Omit the pictures and extract only the lines from the line containing "歯がガタガタに並んでいる様子" to the end of the material, each exactly as written.

Records supplied Block Start

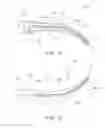 Fig. 13 - Method of applying staples to liver and other organs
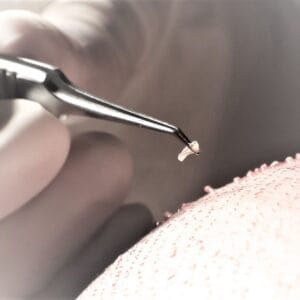 Saç ekimi işleminin yakın çekimi. Steril metal cımbız kullanarak tek bir saç kökü greftini dikkatle tutan bir profesyonel. İşlemi yapan kişi tıbbi eldiven giymektedir. Cilt bölgesi, muhtemelen kafa derisi, implantasyon işleminden kaynaklanan küçük delik izleriyle cildin dokusunu göstermektedir. Işık yumuşak, klinik ve parlaktır ve greftin detayına odaklanır. Makyaj veya kıyafet görünmemekte; odak tamamen klinik bir ortamda saç restorasyonunun anatomik prosedürü üzerindedir. Arka plan yumuşak, odak dışı bir tıbbi ortamdır. Görüntü cinsiyet nötrdür ve tamamen tıbbi tekniğe odaklanır.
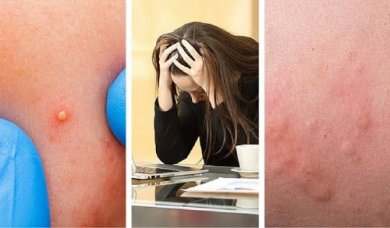 7 prove che indicano che lo stress vi sta danneggiando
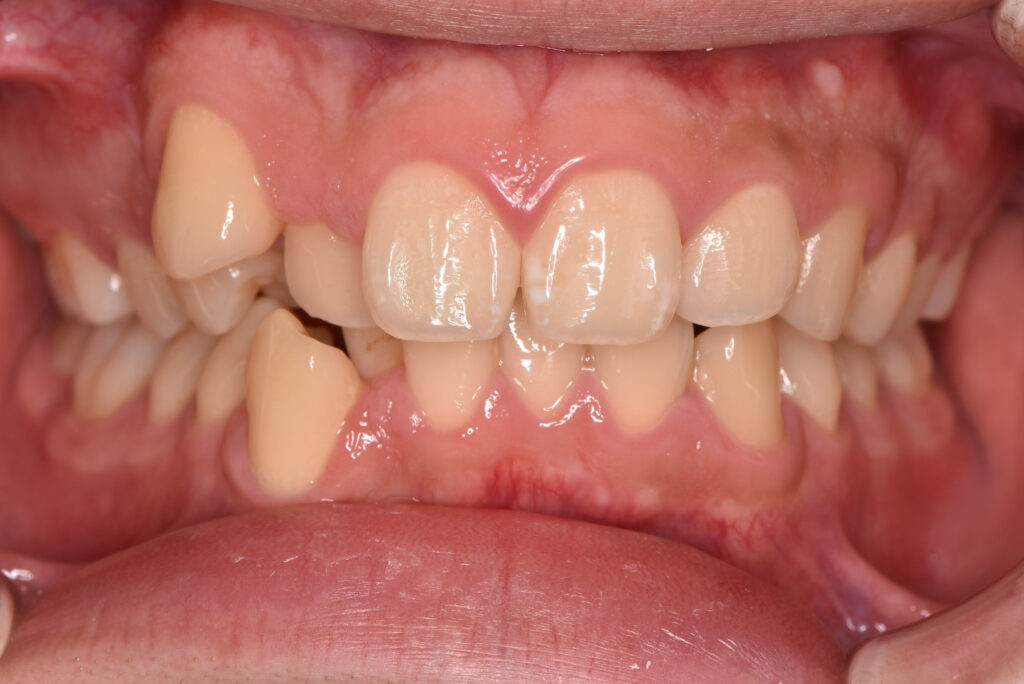 歯がガタガタに並んでいる様子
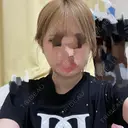 二重埋没 / 目頭切開 / 糸リフト / 脂肪吸引（顔） / ジョールファット除去 / ヒアルロン酸注入（あご） Wing clinic 豊中駅前院 AFTER サムネイル用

Records supplied Block End

# Answer for this exercise:
 歯がガタガタに並んでいる様子
 二重埋没 / 目頭切開 / 糸リフト / 脂肪吸引（顔） / ジョールファット除去 / ヒアルロン酸注入（あご） Wing clinic 豊中駅前院 AFTER サムネイル用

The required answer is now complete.